Ne10 庫提供一組最爲常用並且極爲優化的函數。 這組函數最初於 2012 年 3 月發佈。 庫中的初始功能集着重於矩陣/矢量代數以及信號處理。 Ne10 將持續改進,以包含圖像處理等多領域內的更多高計算量任務。
2.源碼獲取
Ne10的源碼公開在github上面,其網站地址:https://github.com/projectNe10/Ne10 。
3.環境
3.1硬件環境
您需要準備ARM Cortex-A/R系列開發平臺。如果沒有硬件開發平臺,也可使用仿真環境,如Google的Android Emulator。我現在使用的硬件開發板環境是arm-A53的平臺,交叉編譯平臺ubuntu 16.04.
3.2軟件環境
- 工具鏈:aarch64-linux-gnu-
- CMake (http://www.cmake.org/):跨平臺的開源構建系統
4.編譯和使用Ne0庫
4.1編譯Ne10
通過第2部分,獲取源碼後,進入源碼目錄,進行如下操作:
- 修改CMakeLists.txt.有二處修改,修改如下:
1. option(NE10_BUILD_UNIT_TEST "Build NE10 unit test" ON) //原先爲OFF
2. option(NE10_PERFORMANCE_TEST "Run performance test" ON)//原先爲OFF
此處打開,源碼中的測試程序和選擇performance-test。
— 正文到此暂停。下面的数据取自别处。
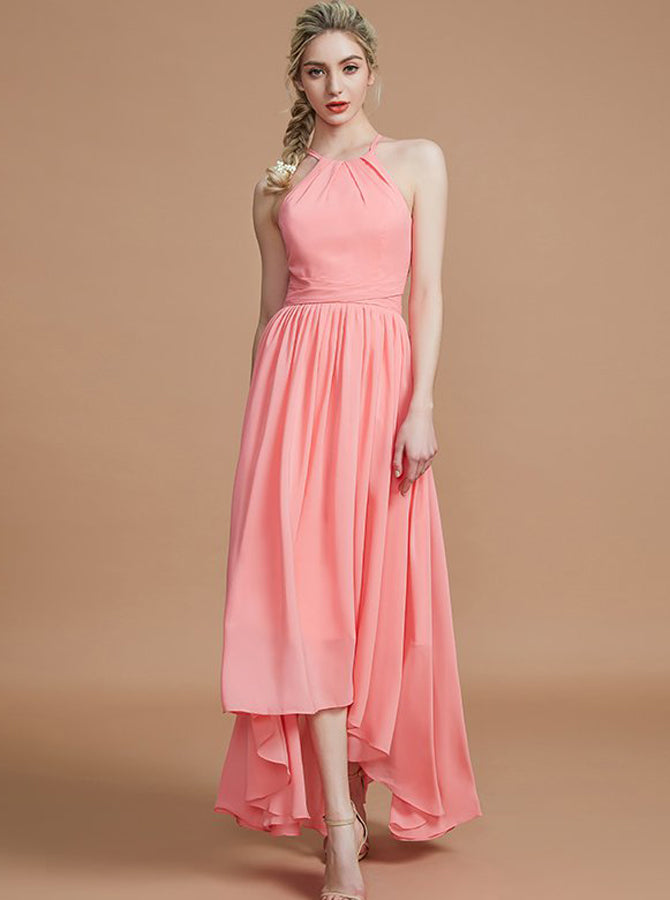Coral Bridesmaid Dresses,High Low Bridesmaid Dress,Simple Bridesmaid D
關於smoke testing,regression testing, performancetesting的區別如下:
- Conformance testing (also called smoke testing), to check if the library works correctly.
- Regression testing, which is similar to conformance testing but is aimed more specifically at testing whether the library still operates correctly after a change.
- Performance testing, which gives an indication of how quickly the library performs certain tasks.
2.修改GNUlinux_config.cmake
if(NOT DEFINED ENV{NE10_LINUX_TARGET_ARCH})
set(NE10_LINUX_TARGET_ARCH "aarch64")
else()
//直接將此處設置爲,aarch64
3.編譯
mkdir build
cd build
cmake -DCMAKE_TOOLCHAIN_FILE=../GNUlinux_config.cmake ../
make -j8
此處是靜態的編譯方式,可以看到在build/modules/下面生成libNE10.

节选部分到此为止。